To get our conclusion, we turn this Triliteral Diagram into a Biliteral Diagram. A Biliteral Diagram looks like the Triliteral Diagram with the center boxes (M and M') taken out, leaving only the big quadrants. The rules for reducing a Triliteral Diagram to a Biliteral Diagram are simple:

(1) If both parts of a quadrant in the Triliteral Diagram have DOESN'T EXIST counters, put a DOESN'T EXIST counter in the same quadrant of the Biliteral Diagram.

(2) If a DEFINITELY EXISTS counter is definitely in one of the quadrants (not on the fence between two quadrants), put a DEFINITELY EXISTS counter in the same quadrant of the Biliteral Diagram.

(3) All other counters (DOESN'T EXIST counters that only cover part of a quadrant, DEFINITELY EXISTS counters that are on a fence between two quadrants) disappear.

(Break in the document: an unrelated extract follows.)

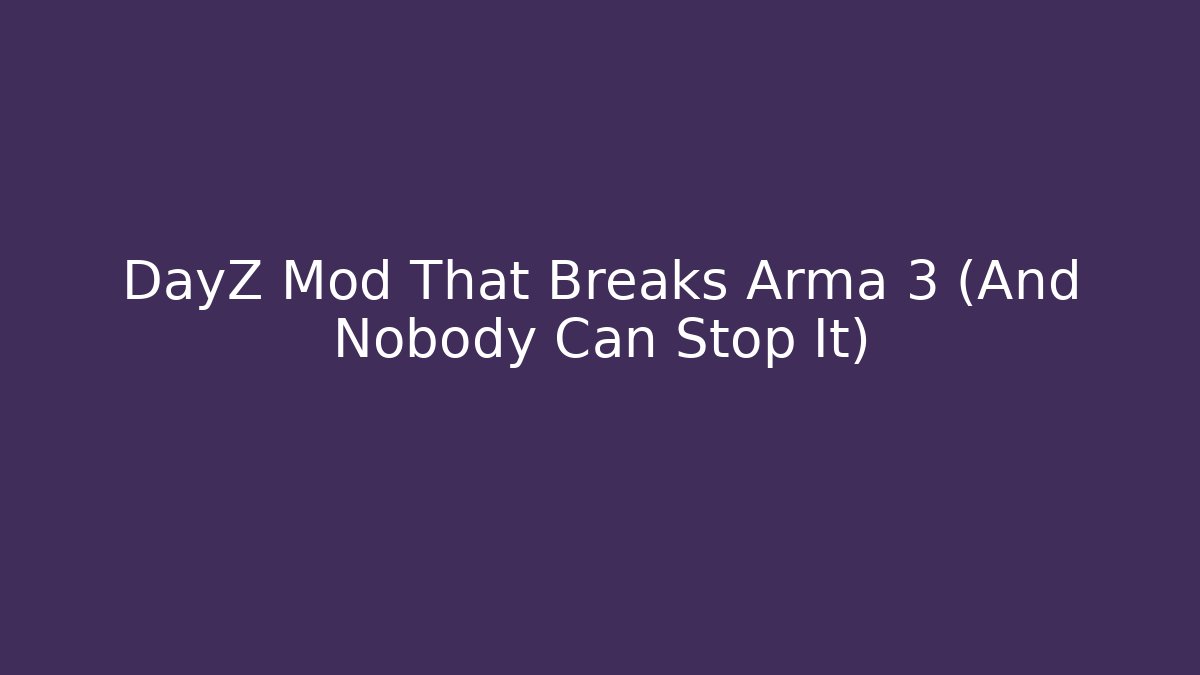 DayZ Mod That Breaks Arma 3 (And Nobody Can Stop It)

Thus the whole Game of Logic is just ordinary syllogisms, where the Game rules have the same effect that rules of syllogisms do, although Carroll has his own particular interpretation of categorical propositions. In Carroll's interpretation, in the Triliteral Diagram:

"All S are P" gives you two DOESN'T EXIST counters and one DEFINITELY EXISTS counter;
"No S are P" gives you two DOESN'T EXIST counters;
"Some S are P" gives you one DEFINITELY EXISTS counter;
"Some S are not P" gives you one DEFINITELY EXISTS counter.

You can also get completely coherent games if you change these interpretations so that "All S are P" only gives you two DOESN'T EXIST counters (this makes the Game work a bit more like how syllogisms are treated in predicate calculus, by removing affirmative subalternation), or so that "No S are P" gives you two DOESN'T EXIST counters and one DEFINITELY EXISTS counter (this makes the Game work a bit more like traditional Aristotelian syllogisms, by adding negative subalternation).